Kimsenin ne emeğinde ne de aldığı maaş da gözümüz yok. Ama içtiğimiz suyun kaynağı olan ticaret ve üretimi de herkesin elinden geldiği kadar koruması gerektiğine inanıyorum. Ülkeler, katma değer üreten çalışmalarla ekonomik olarak büyür ve bu büyüklüğün oluşturduğu varsıllıkla eğitim, sağlık, güvenlik ve adalet gibi kamu gücü isteyen hizmetlerle halkını mutlu eder. Bir ülkenin hizmetlere kaynaklık eden ekonomiyi yok ederek, mutluluk oluşturan hizmetler üretebileceğini düşünmek mümkün değildir. O sebeple birileri bu beylere, hem onların aldığı maaş, hem de ürettiklerini iddia ettikleri hizmetin maliyetinin bir hikayesi olduğunu hatırlatmalı. Hatırlatmalı ki, sağlıkta da, özgürlük/güvenlik dengesi gibi bir sağlık/üretim ve ticaret dengesinin bulunduğunu unutmasınlar.
Pandemi sürecinin küresel düzeyde umumi bir musibet ve fakat iyi yönetenler için de bulunmaz bir fırsat olduğu aşikar. Bu durum, virüsün imal edilmiş ya da doğal yollardan oluşmuş olduğundan bağımsız bir durumdur.
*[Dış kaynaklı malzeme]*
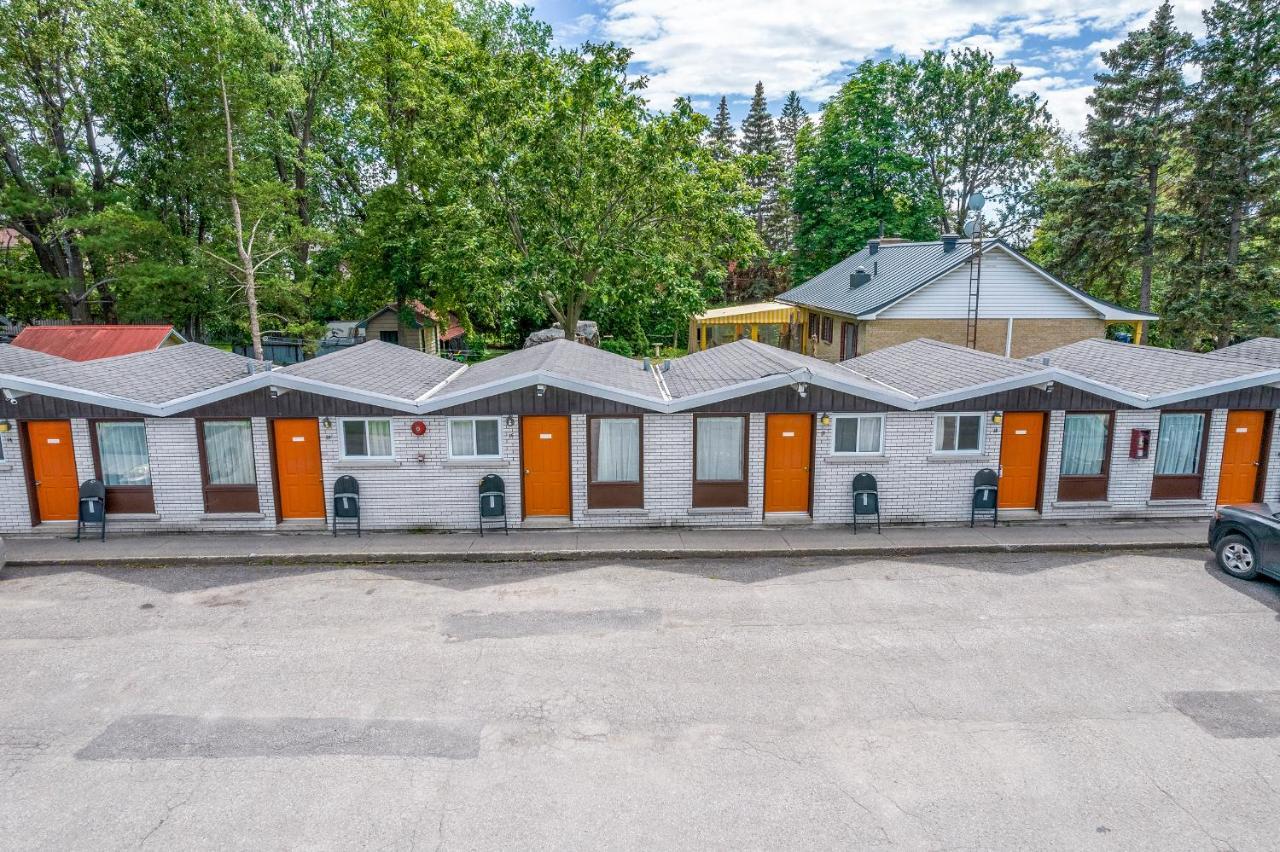 Motel Rideau Brossard Zewnętrze zdjęcie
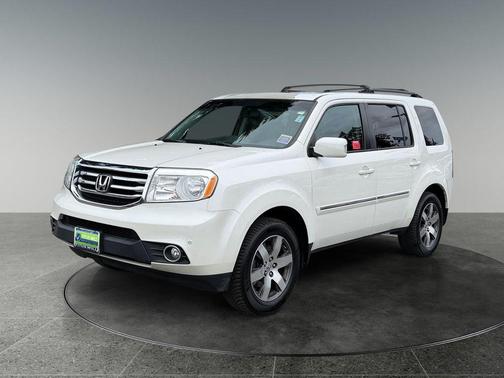 White Diamond Pearl 2013 Honda Pilot Touring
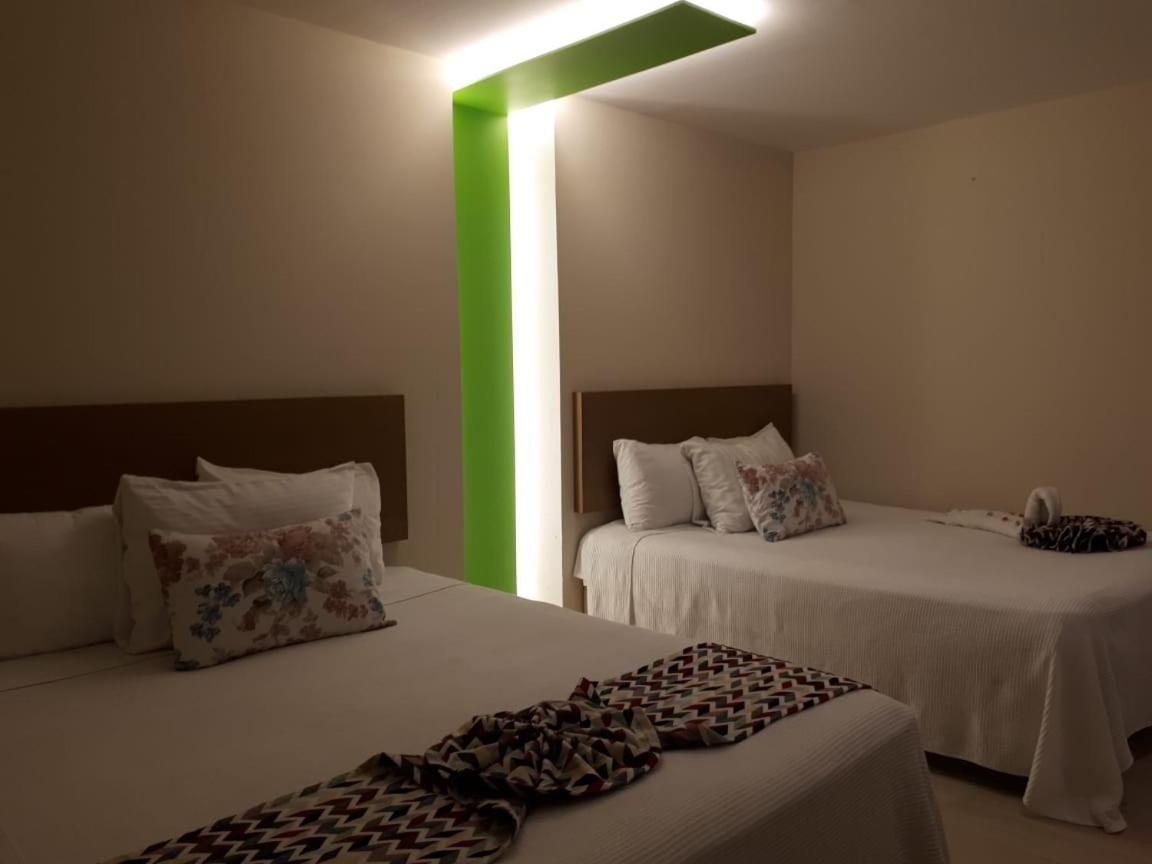 Brisas 10 Beachside Suites Cancún Exteriör bild
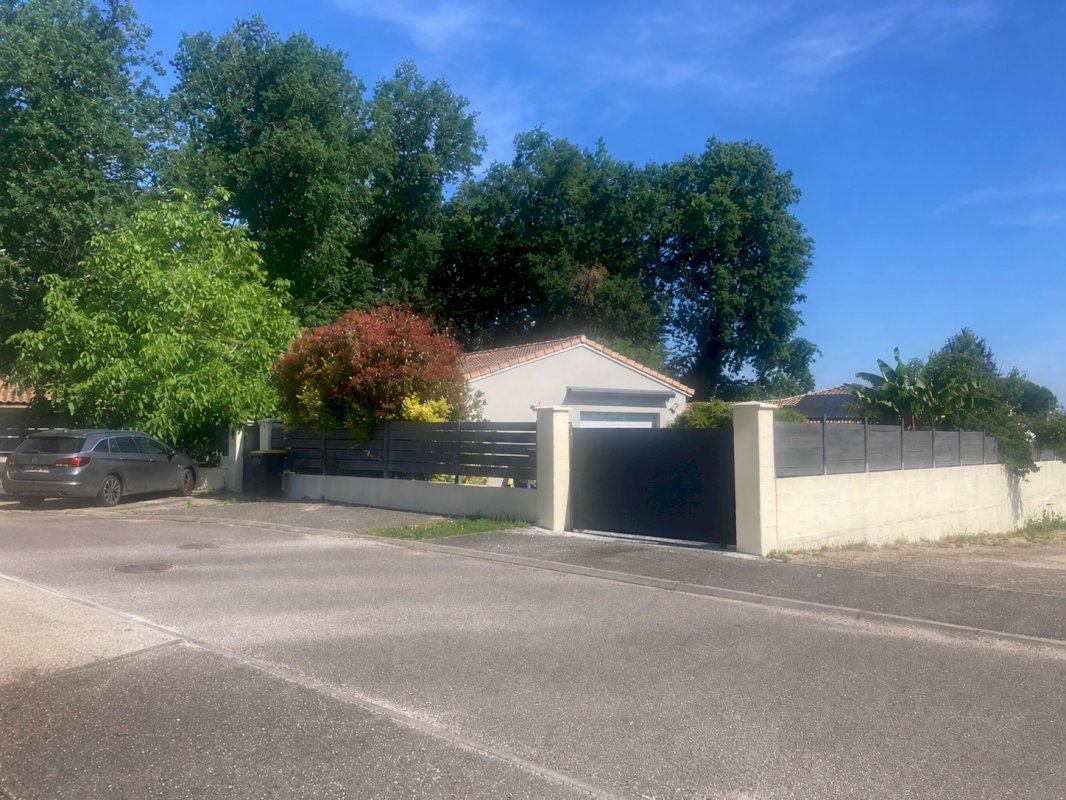 ph11_46493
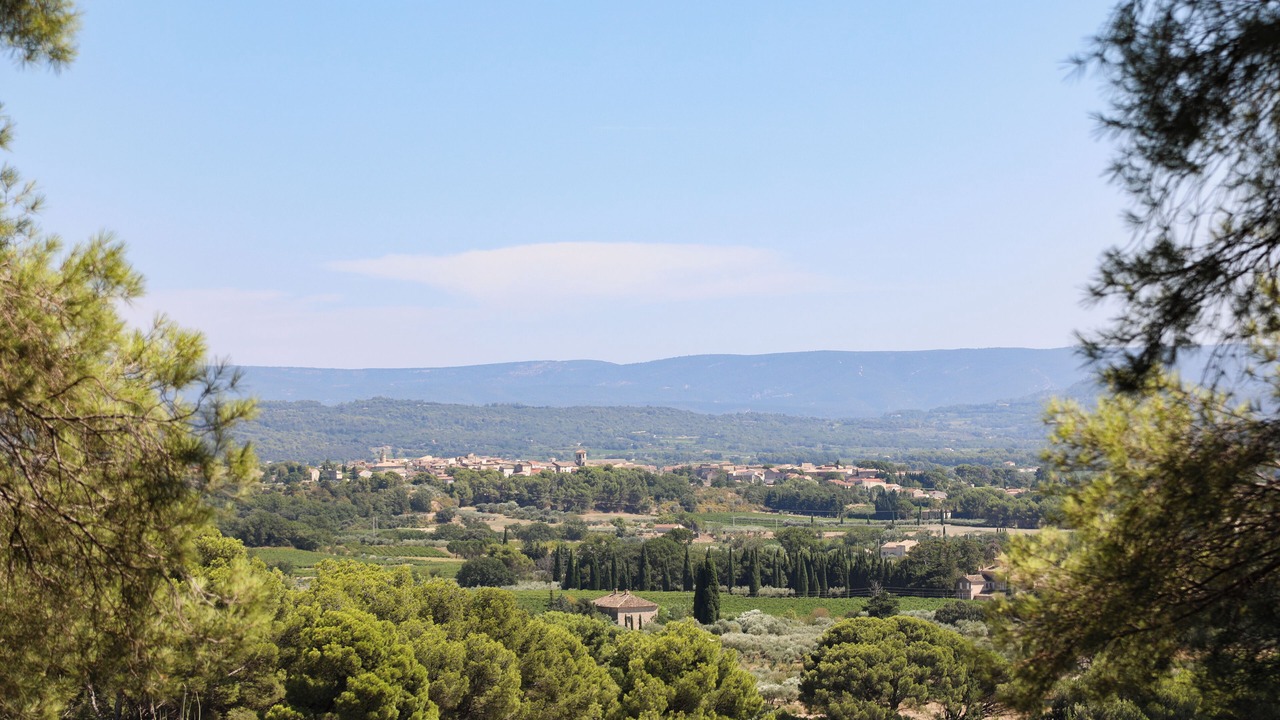Photo of Others in Saint-Hippolyte-le-Graveyron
Virüs sürecini tamamlandığında -ki, virüse yönelik yok edici bir tedavinin görülen tarihlerde olamayacağı aynı bilim insanlarınca ifade ediliyor- normalleşen dünyaya beli kırılmış bir ekonomiyle uyanmayalım. Her kesim, ama istisnasız her kesim üzerine düşen fedakarlığı yerine getirsin. Eğitime dönük fiziksel mekanlar başta olmak üzere, hizmet üreten tüm alanlar, pandemi hassasiyetine uygun olarak dönüşümlü olarak kullanılsın. Buna üretim yapan işyerleri de dahil.
Böylesi bir planlama ile pekala ana sınıftan, üniversiteye, tüm eğitim kurumları, sıradan bir cadde esnafından binlerce insanın çalıştığı fabrikalara kadar tüm işyerleri, bu süreci en az hasarla atlatabilir ve pandemi sonrası dünyaya hazır olabilir.
Farkındayım, bu çok bilinmeyen bir teklif ya da fark edilmemiş bir durumun, hatırlatılması değil. Yapmamız gereken şey, herkesin bildiği bu gerçeğin, tüm kesimlerin ortak fedakarlığı ile eyleme dönüştürülmesidir. Eğitim dahil tüm alanlarda mekanı ve çalışma hayatını üçe bölerek, yoğunluğu azaltıp, ücret farkı talep etmeden bu süreci atlatmamız ve her alanda pandemi öncesi yakaladığımız ivmeyi, en azından korumamız gerekiyor diye düşünüyorum.
Süreçlerin, muhtemel sonuçlarıyla birlikte sevk ve idaresi en iyi idaredir diye düşünüyor, özel sektör, kamu çalışanı arasındaki o yoğun bağın, gözden kaçırılmaması gerektiğine inanıyorum. Tabii ki zorluk günleri, zorluk seferlerini gerektirir. Zorluk seferine çıkamayan milletlerin, zaferler kazanması düşünülemez. Hem kişisel/toplumsal konforumuz bozulmasın hem dene zaman biteceği belli olmayan pandemi geçinceye kadar tüm hayat askıya alınsın.
Allah için söyleyin. Kim kaybetmiş de biz bulacağız.